■やなぎみわと言えば「案内嬢シリーズ」の写真作品を思い出すのだけど、そのやなぎ氏が作・演出・美術を担当した舞台が「ゼロ・アワー~東京ローズ最後のテープ」。「ゼロ・アワー」は第二次世界大戦時に日本が米軍向けに放送していた戦意喪失を目的としたプロパガンダ放送。「東京ローズ」はそのアナウンサーたちに米兵たちが勝手につけた呼び名だ。その声はYouTubeにも上がっていて聴くことができる。
「東京ローズ」は米兵サイドが勝手につけた名前であり、ただその点において架空の存在だ。しかし、その声の背後に生身の女性が存在していたのも事実だ。「ゼロ・アワー」に参加したことが確認されているアナウンサーは5人。いずれも日系で、国内にいる間に戦争状態となり、母国へ帰れなくなった。彼らには日本へ帰化する圧力がかかったが、アイバ・戸栗・ダキノだけは帰化しなかった。しかし、そのことが仇となり、帰国後反逆罪で告訴され、市民権を剥奪されてしまう(2006年に市民権は回復した)。
実際のところ、「東京ローズ」が誰なのか、特定はされていない。やなぎ氏はそこに仮定を持ち込み、「東京ローズ」という存在を虚構化した。男性を虜にする「声」、セイレーンの正体が虚構になってしまう、というのは初音ミクを思わせるような話でもある。
ただ、やなぎ氏の「案内嬢」シリーズを思うと、虚構の女性(声)は男性の視線によって作られた架空の女性そのものだろう。「東京ローズ」は男性が理想とする女性そのものだった。史実としての「ゼロ・アワー」においても演出が介在していたことを思えば、それは(アニメーションのキャラクターと声優が同一なものではないのと同じ程度に)虚構の存在だったはずだ。やなぎ氏はそこを徹底化させた。
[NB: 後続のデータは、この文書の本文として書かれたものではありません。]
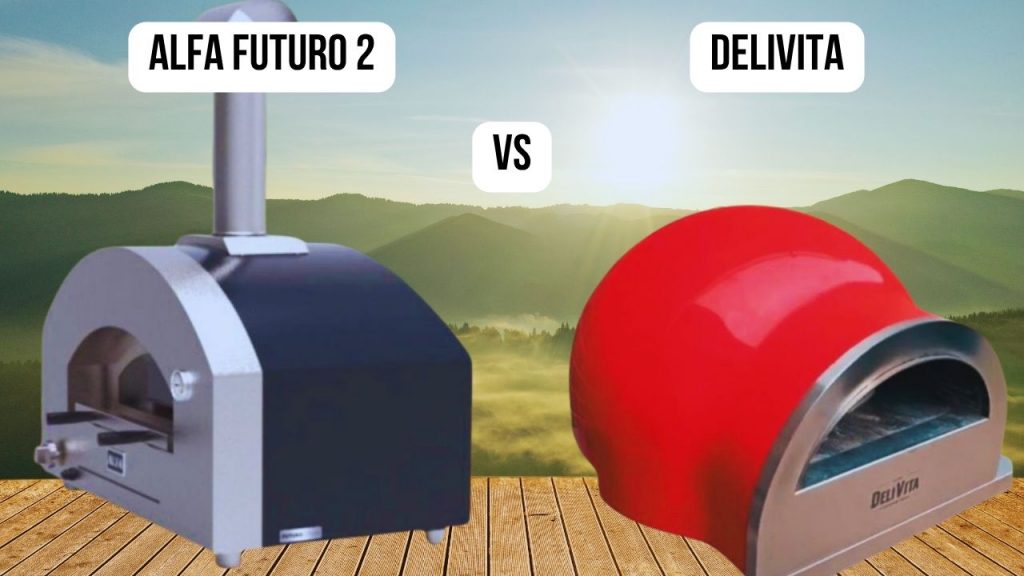 Alfa Futuro 2 VS DeliVita: Power Source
史実のアイバ・戸栗・ダキノは、劇中ではアニー・宥久子・小栗・モレノとなり、戦後反逆罪で裁かれることになる。その原因を作った、あまりにも男性を魅惑した「東京ローズ」の声は、しかしその実体を持たない。そしてその声の主を追い求めるGI、ダニエル山田の望みは決して叶えられることなく、60年近い歳月を経ることになる。
それら悲劇の元となった「東京ローズ」の声を、やなぎ氏は劇中人物に「死者の声」と言わしめる。生身を持たないが故に、そこには理想を投影しやすい余地があるのかもしれない。確かに「初音ミク」にもそれに似た構造はあるように思う。